Stored entries:
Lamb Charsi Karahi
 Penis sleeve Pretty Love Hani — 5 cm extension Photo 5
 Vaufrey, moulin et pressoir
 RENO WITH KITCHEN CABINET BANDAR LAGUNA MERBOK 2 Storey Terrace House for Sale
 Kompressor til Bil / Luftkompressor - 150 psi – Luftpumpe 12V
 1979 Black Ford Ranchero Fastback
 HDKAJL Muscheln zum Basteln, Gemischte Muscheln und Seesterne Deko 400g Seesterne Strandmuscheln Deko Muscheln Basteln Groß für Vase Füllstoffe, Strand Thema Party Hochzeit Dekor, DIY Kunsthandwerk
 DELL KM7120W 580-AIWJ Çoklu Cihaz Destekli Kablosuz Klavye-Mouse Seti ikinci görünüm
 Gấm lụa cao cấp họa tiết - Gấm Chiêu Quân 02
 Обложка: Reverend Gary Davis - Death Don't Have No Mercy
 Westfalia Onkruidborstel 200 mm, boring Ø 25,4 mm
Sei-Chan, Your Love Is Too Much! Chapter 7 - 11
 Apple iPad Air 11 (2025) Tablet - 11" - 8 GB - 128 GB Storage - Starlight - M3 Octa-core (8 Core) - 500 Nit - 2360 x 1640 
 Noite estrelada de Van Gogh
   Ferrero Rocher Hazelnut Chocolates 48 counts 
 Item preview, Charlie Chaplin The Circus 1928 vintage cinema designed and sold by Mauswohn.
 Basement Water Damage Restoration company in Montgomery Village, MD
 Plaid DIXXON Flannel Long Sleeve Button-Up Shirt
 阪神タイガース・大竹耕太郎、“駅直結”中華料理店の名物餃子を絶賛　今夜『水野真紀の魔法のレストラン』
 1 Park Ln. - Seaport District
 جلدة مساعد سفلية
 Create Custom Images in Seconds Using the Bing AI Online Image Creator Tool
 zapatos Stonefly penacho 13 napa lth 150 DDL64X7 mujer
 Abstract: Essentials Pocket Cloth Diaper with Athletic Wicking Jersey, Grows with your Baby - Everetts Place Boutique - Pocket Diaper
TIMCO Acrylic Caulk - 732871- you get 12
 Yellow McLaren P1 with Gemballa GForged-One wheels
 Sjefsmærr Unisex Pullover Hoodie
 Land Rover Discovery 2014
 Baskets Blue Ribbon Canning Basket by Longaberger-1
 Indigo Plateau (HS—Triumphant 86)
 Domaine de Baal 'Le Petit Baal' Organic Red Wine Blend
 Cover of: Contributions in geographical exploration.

**Exercise prompt:** From the very first line of the records down to the line with "Yellow McLaren P1", please write out each line exactly, including both ends and no other lines.

**Exercise output:**
Lamb Charsi Karahi
 Penis sleeve Pretty Love Hani — 5 cm extension Photo 5
 Vaufrey, moulin et pressoir
 RENO WITH KITCHEN CABINET BANDAR LAGUNA MERBOK 2 Storey Terrace House for Sale
 Kompressor til Bil / Luftkompressor - 150 psi – Luftpumpe 12V
 1979 Black Ford Ranchero Fastback
 HDKAJL Muscheln zum Basteln, Gemischte Muscheln und Seesterne Deko 400g Seesterne Strandmuscheln Deko Muscheln Basteln Groß für Vase Füllstoffe, Strand Thema Party Hochzeit Dekor, DIY Kunsthandwerk
 DELL KM7120W 580-AIWJ Çoklu Cihaz Destekli Kablosuz Klavye-Mouse Seti ikinci görünüm
 Gấm lụa cao cấp họa tiết - Gấm Chiêu Quân 02
 Обложка: Reverend Gary Davis - Death Don't Have No Mercy
 Westfalia Onkruidborstel 200 mm, boring Ø 25,4 mm
Sei-Chan, Your Love Is Too Much! Chapter 7 - 11
 Apple iPad Air 11 (2025) Tablet - 11" - 8 GB - 128 GB Storage - Starlight - M3 Octa-core (8 Core) - 500 Nit - 2360 x 1640 
 Noite estrelada de Van Gogh
   Ferrero Rocher Hazelnut Chocolates 48 counts 
 Item preview, Charlie Chaplin The Circus 1928 vintage cinema designed and sold by Mauswohn.
 Basement Water Damage Restoration company in Montgomery Village, MD
 Plaid DIXXON Flannel Long Sleeve Button-Up Shirt
 阪神タイガース・大竹耕太郎、“駅直結”中華料理店の名物餃子を絶賛　今夜『水野真紀の魔法のレストラン』
 1 Park Ln. - Seaport District
 جلدة مساعد سفلية
 Create Custom Images in Seconds Using the Bing AI Online Image Creator Tool
 zapatos Stonefly penacho 13 napa lth 150 DDL64X7 mujer
 Abstract: Essentials Pocket Cloth Diaper with Athletic Wicking Jersey, Grows with your Baby - Everetts Place Boutique - Pocket Diaper
TIMCO Acrylic Caulk - 732871- you get 12
 Yellow McLaren P1 with Gemballa GForged-One wheels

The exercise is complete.